К востоку от скалы Клоджи небо было ярким и светлым, но к западу собрались белые кучевые облака, и усиливающийся ветер уже отрывал от них первые клочья и гнал в нашу сторону. Тропа вела нас вперед, через дикие и скалистые мысы: мыс Хор, мыс Пен-Энис, мыс Карн-Нуан, и так сколько хватало глаз. Только море и уходящие в него мысы – отвесные, древние и мрачные. За каждым пройденным открывался новый. Мы шли вперед, а на западе всё сгущались тучи, падали в море осколки камней, а по мере того, как тяжелые низкие облака всё ближе спускались к воде, в ней начала завариваться белая пена. Тайный край ветров и камней, удаленный от глаз и изолированный от людей. Веками неизменная, но в то же время постоянно меняющаяся под действием моря и неба – такова противоречивая судьба западного края полуострова. Неподвластный ни времени, ни человеку, этот древний край лишал нас энергии и силы воли, заставляя покорно уступать стихиям.

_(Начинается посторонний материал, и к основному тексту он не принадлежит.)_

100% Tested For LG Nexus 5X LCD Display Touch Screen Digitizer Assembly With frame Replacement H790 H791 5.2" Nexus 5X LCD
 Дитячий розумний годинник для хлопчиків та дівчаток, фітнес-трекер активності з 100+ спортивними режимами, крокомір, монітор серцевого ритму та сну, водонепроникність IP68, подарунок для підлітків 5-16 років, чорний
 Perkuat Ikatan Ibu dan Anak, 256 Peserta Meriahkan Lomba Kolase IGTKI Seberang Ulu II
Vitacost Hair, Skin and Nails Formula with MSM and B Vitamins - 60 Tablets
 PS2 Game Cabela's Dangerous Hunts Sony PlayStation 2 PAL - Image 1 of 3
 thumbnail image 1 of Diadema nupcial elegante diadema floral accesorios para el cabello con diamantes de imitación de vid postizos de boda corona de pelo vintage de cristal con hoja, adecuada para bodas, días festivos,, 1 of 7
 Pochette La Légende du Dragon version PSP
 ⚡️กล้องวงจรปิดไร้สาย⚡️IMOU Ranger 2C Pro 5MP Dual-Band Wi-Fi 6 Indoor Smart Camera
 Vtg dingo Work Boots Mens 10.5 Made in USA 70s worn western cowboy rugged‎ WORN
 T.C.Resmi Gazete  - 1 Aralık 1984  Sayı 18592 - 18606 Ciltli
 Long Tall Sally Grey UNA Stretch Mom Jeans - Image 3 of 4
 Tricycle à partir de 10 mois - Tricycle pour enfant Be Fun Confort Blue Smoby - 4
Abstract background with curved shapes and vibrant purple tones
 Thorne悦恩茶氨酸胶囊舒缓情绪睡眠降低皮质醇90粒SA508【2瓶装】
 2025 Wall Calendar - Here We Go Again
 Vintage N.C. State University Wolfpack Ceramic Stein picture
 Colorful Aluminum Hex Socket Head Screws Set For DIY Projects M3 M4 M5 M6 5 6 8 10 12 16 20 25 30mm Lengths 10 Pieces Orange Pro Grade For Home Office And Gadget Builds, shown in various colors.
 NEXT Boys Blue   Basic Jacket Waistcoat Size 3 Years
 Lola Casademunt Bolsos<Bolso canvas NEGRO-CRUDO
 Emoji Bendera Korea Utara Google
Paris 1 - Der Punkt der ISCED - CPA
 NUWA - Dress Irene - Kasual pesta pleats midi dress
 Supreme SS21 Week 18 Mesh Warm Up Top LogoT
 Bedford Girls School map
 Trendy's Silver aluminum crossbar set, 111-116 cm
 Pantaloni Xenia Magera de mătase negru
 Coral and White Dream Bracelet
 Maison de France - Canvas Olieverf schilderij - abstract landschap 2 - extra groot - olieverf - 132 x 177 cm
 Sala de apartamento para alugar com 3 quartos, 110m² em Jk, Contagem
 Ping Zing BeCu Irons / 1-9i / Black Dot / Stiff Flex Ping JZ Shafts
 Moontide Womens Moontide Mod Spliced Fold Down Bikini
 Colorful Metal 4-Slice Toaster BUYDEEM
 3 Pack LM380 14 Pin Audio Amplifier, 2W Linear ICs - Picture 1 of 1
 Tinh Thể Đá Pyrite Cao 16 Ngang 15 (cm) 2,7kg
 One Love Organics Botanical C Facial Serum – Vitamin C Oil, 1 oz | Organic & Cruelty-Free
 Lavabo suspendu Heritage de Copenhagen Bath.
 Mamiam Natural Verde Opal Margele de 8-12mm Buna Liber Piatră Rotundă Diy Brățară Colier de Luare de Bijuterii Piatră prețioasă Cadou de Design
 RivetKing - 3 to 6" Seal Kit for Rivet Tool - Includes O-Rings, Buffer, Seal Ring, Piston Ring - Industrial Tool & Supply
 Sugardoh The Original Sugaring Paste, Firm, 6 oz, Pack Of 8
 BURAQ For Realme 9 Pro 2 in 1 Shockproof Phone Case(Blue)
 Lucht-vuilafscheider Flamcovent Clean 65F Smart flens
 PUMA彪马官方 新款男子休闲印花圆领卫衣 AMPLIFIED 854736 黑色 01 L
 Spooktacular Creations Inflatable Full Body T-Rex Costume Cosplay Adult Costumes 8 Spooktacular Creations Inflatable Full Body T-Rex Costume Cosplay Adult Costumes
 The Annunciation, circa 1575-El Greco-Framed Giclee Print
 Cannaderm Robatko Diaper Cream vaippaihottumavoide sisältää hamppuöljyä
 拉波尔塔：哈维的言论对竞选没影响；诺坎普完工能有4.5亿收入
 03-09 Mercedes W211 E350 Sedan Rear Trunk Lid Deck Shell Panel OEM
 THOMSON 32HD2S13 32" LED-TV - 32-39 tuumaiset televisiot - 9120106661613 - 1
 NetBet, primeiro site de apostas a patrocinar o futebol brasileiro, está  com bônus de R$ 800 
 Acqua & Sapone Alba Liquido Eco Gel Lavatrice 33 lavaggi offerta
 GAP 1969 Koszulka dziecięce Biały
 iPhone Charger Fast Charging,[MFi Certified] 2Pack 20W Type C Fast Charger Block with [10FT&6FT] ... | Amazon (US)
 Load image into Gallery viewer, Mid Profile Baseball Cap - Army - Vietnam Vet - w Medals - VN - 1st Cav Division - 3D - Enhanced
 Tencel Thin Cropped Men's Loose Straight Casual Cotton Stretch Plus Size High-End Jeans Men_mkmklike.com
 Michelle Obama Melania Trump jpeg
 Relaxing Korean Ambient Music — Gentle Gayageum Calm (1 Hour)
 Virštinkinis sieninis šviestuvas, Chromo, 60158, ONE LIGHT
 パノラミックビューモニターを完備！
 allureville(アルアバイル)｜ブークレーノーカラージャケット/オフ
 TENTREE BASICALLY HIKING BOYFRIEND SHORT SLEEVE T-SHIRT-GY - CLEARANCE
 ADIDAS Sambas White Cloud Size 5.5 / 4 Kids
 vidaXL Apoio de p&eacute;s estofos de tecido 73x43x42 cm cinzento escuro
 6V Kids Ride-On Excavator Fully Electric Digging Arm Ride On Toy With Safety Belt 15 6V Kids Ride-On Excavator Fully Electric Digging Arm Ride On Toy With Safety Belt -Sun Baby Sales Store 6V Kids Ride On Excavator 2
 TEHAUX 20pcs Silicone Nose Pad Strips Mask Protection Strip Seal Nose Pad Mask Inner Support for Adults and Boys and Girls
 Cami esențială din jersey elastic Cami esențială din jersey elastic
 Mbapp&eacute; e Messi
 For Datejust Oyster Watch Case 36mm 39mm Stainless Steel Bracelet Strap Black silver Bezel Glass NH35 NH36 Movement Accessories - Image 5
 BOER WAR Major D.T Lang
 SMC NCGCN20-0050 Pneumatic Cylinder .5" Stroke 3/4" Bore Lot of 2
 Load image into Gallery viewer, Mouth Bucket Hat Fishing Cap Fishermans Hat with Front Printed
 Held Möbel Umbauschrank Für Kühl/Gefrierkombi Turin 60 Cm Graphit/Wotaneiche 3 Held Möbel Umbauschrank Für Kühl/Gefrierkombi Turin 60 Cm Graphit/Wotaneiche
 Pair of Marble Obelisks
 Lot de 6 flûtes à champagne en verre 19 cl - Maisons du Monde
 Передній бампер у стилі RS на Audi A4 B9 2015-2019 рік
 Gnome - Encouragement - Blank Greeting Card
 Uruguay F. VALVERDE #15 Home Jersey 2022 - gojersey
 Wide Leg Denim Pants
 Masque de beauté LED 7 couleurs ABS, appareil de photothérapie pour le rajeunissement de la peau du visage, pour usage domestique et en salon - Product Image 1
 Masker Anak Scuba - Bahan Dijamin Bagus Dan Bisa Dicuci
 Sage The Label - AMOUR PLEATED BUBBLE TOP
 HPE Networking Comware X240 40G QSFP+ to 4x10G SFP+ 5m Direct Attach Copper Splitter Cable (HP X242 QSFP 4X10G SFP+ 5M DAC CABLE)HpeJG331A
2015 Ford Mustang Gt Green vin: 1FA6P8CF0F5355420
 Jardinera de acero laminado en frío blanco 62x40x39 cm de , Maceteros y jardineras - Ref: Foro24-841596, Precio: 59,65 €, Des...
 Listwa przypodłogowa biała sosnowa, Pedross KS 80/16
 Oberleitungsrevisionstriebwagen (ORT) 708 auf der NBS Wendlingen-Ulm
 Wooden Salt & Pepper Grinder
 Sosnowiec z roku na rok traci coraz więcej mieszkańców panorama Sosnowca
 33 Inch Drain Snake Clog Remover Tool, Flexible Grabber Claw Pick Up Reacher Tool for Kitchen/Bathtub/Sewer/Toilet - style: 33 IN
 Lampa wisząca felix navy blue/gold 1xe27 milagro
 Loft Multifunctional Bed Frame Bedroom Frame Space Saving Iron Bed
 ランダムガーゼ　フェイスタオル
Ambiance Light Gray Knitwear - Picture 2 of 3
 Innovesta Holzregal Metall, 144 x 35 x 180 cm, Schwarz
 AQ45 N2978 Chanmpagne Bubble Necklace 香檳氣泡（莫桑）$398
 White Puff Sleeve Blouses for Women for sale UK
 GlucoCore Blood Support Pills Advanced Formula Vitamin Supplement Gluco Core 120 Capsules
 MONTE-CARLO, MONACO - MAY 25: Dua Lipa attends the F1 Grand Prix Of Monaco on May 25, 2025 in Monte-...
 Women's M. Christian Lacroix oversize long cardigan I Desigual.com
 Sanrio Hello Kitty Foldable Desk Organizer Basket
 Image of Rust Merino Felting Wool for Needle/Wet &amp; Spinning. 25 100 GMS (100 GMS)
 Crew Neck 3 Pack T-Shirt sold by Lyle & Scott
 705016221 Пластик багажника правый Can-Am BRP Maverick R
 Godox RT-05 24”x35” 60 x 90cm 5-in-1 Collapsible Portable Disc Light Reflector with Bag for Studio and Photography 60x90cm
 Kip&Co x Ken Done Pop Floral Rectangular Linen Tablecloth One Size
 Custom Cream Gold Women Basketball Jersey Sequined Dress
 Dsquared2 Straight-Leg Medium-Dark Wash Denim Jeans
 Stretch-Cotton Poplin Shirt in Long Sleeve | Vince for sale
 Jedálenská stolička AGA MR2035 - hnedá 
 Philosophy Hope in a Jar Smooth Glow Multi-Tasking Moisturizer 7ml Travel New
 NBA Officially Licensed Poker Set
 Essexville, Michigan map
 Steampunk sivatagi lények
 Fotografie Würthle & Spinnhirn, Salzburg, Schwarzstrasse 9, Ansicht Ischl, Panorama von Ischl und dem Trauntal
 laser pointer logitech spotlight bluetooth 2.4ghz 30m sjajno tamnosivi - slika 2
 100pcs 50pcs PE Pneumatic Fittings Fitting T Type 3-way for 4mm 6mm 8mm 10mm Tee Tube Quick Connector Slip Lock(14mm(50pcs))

Земля разверзалась и вспучивалась, выталкивала на поверхность громадные валуны, превращая тропу в непроходимое нагромождение острых камней. Мы с трудом продирались вперед, обходя, перелезая, карабкаясь, протискиваясь. Небо встретилось с сушей, мы встретились с небом. Вода проникла повсюду, насквозь промочила нашу одежду и хлюпала в ботинках, выливаясь наружу при каждом шаге. Море ревело, обрушиваясь на скалы где-то справа от нас, но видно его не было – дождь повис в воздухе таким плотным серым занавесом, что можно было даже не надеяться разглядеть среди камней тропу. Наметить впереди ориентир и идти к нему тоже было невозможно, и нам оставалось лишь вслепую ковылять по гигантской осыпи, смирившись с тем, что мы можем навсегда застрять в этом поле валунов, как в мокром сером аду.